Eating Boston: Food notes of a temporary Bostonian

Flour bakery + cafe holds the coveted title and prestige of being one of Boston’s best bakery. In fact, pastry chef/owner, Joanne Chang, is herself an iconic presence in the world of female entrepreneurs. A trained mathematician from one of the most prestigious schools in the country, Harvard, Chang is to be truly admired for following her dreams of baking professionally and pursuing a career that does not guarantee financial security at all times. Then again, what is secure in this life? Nothing is a guarantee and one must work very hard to become an accomplished person. In Flour’s case, Chang demonstrated that she had what it took to build an iconic culinary empire that exemplifies dedication and excellence.

During a trip to the original Flour on Washington st. in the South End, I basked in the glory of the egg breakfast sandwich. Something as common as an egg sandwich remained imprinted in my tastebud’s memory because the dijonnaise spread mingled so harmoniously with the crispy bacon in my mouth. The spread, with its pungent and assertive mustardy nature was subdued by a bite of fatty bacon. The creamy egg patty between the two created a canvas with a mellow eggy flavor that married all of the ingredients together. The sandwich was held together by two slices of freshly baked ciabatta bread with wonderful flavor and a rustic aroma. I washed everything down with the perfect cup of coffee and cream and a small bite size tart. While not overwhelmingly sweet, it served its sweet ending purpose.
Everyone who comes to Boston should definitely stop by and grab something to eat. I know I will definitely come back for Chang’s famous sticky buns, I just need someone to share with!

An Adventure Begins

Today a new adventure begins. An adventure which will transform me into a completely different person. An adventure that has been my whole life in the making, and will now both challenge me and shape my future self alike.

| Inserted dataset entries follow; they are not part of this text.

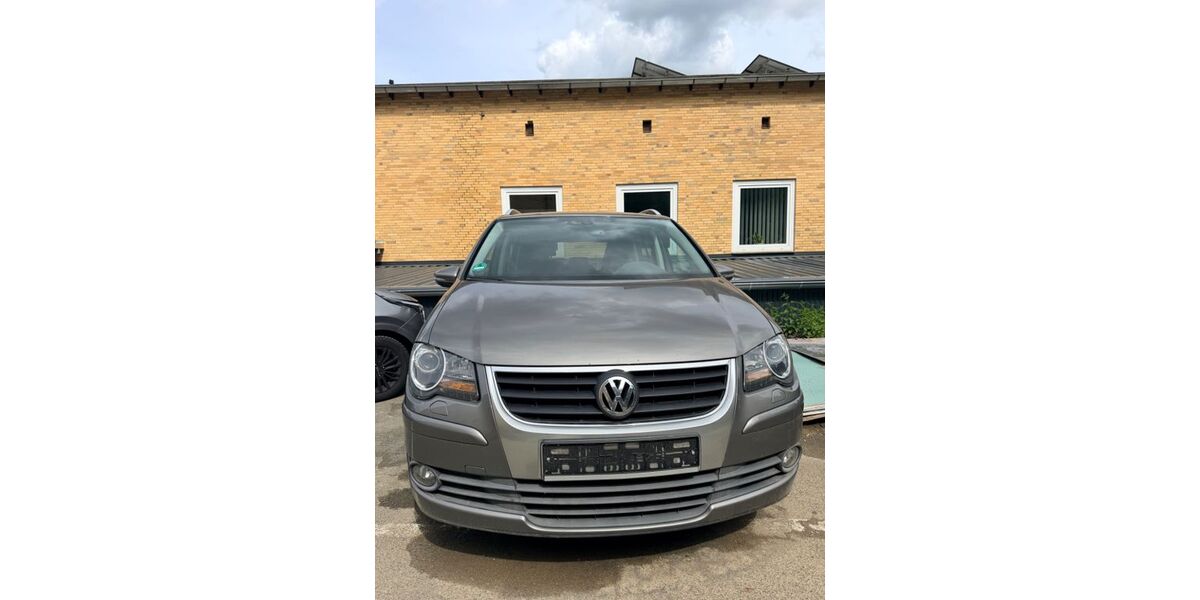 VW Touran 171.000 km 4.400 &euro; Sinn 35764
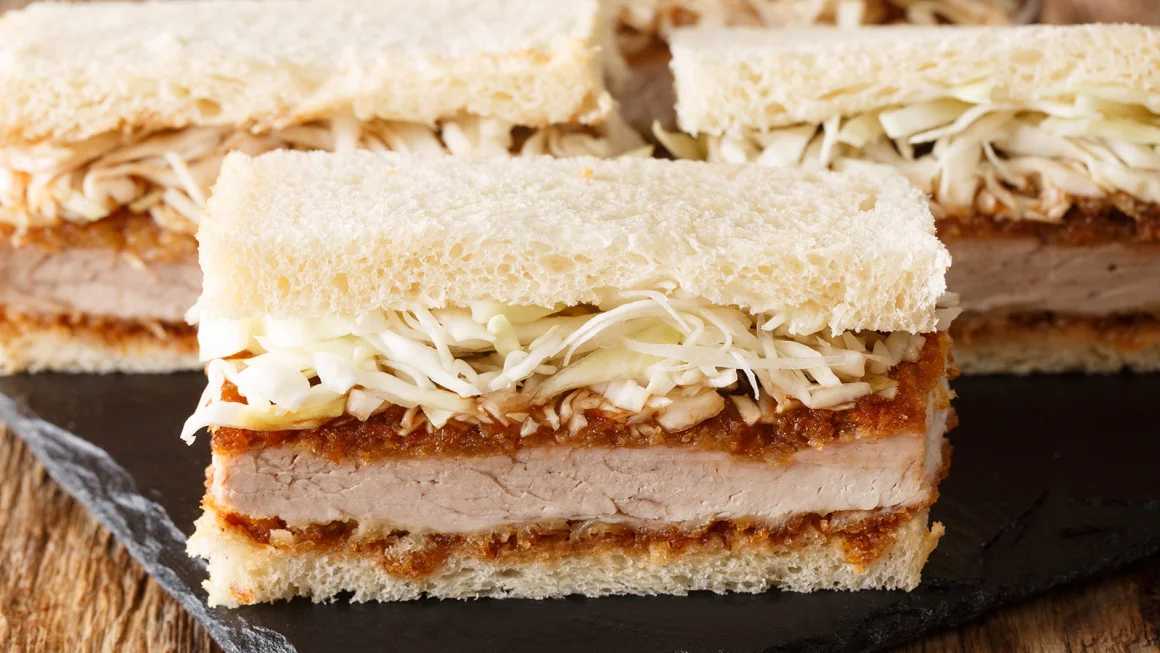 B&aacute;nh m&igrave; sandwich cốt lết heo n&agrave;y l&agrave; m&oacute;n ăn nhẹ phổ biến tại c&aacute;c cửa h&agrave;ng tiện lợi ở Nhật Bản - Ảnh: FomaA/Adobe Stock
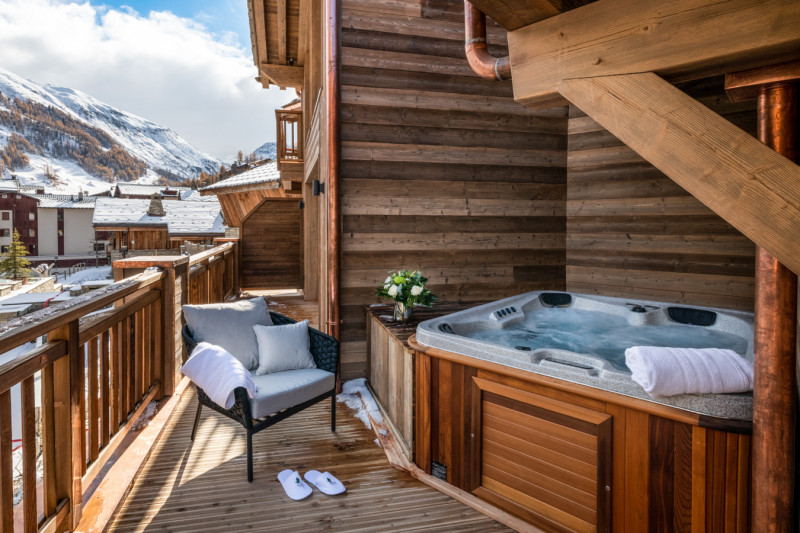 Alaska_Lodge-Val_dIsere-Appartement 8 personnes avec jacuzzi Oxygene ski collection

With two hours of sleep and a lot of caffein in my system, I managed to get out of bed on Saturday morning, kiss my husband goodbye for the next three months, and fly 1,200 miles north to brave the cold while I pursue my latest adventure. The anxiety would not let me sleep, after all, Boston, Ma. is a city that I certainly cannot afford. And yet, I had to push away my fears. However, those stubborn negative thoughts that managed to linger despite my best efforts….well those were tackled one at a time; is my landlady crazy?, is my coat warm enough (5 years in Florida erased any knowledge I might have had about cold weather attire), and the list of nagging questions continues, way too long to recount and yet, very very real.

I arrived to Boston and discovered my landlady does not own a coffee grinder ( a fear that briefly crossed my mind) for the pound and a half of coffee beans that I lugged all the way from Florida. My world seems to fall apart in the mornings before I get my much needed caffeine shot. Thus, until i find away around the fact that i refuse to pay $35 for a top of the line grinder because I’m too frugal, I’ll have to deal with my bitchy, snappy self all on my own, or hit up Goodwill. Im sure my husband is ecstatic about the fact that there are one thousand plus miles between a moody me and himself…. But I digress….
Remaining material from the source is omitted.